How to Be Less Controlling

It’s human nature to have a controlling trait or two. Some of us are more controlling than others, but at the end of the day, we are all controlling in some way whether we like it or not. Some of us can be control freaks in just about every aspect of life. However, you can change this behavior if you take specific steps and use certain practices to subdue this instinct.

Being controlling can provide some positive results in the workplace, although being too controlling can hurt your professional relationships and won’t endear you to co-workers. In your personal life, being too controlling can downright ruin relationships, whether it be your family, friends, or lovers.

Realizing that you are “too controlling” is the first step to become less controlling, and that may be the hardest part.
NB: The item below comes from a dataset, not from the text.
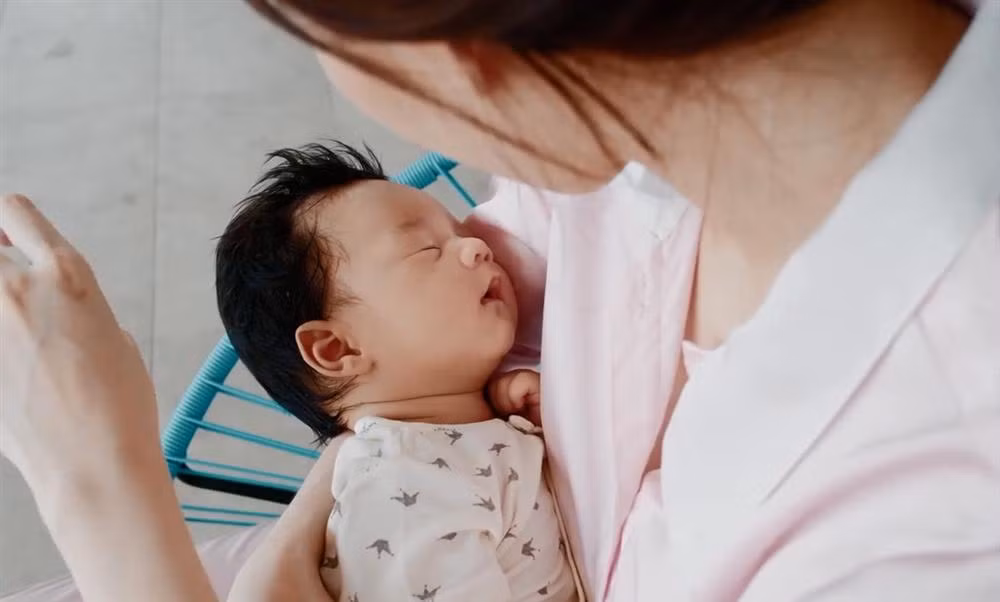 Với 2 thiên thần nhí "đủ nếp đủ tẻ", hôn nhân 3 năm của hoa hậu càng thêm viên mãn.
Once you take this step, you’ll be able to make changes to improve yourself and learn how to navigate your overbearing instincts, but remember, it’s a process, and it will take diligence.

Change the Way You View the World

People that are too controlling often feel their view is the only way to see things. They typically think they’re always right. If you try to look at things from someone else’s perspective before judging a situation or person, you’ll become more accepting of others and their views. It will go a long way in helping you be less controlling.

Merely seeing things with more compassion will make a significant difference in the way you view the world. Doing so will allow you to relax a bit and not always feel the need to be in total control of everything.

Try and understand that other people may be coming from different situations or different circumstances than you and therefore, might have different opinions and take different actions of how to go about things. Remember it’s more of a mindset than a behavioral concern.

Realize You Have Control Issues

The first thing you need to do if you want to change your behavior is to recognize that you have a problem. It’s probably the hardest part of changing, but it’s necessary. Now, once you have admitted to yourself that you have control issues, it’s time to put the change into action.

If you finally admit you have a problem with being too controlling but still don’t take action in real-life situations to improve, you’ll be stuck in the same rut. You can admit to the whole world that you’re too controlling, but if you don’t put actions to your words, nothing will improve.

Often people who are too controlling try to micromanage every situation. Whether it’s in the workplace or at home, this creates a significant problem. In regards to the workplace, micromanaging undermines other employees or subordinates and usually creates extra work for all.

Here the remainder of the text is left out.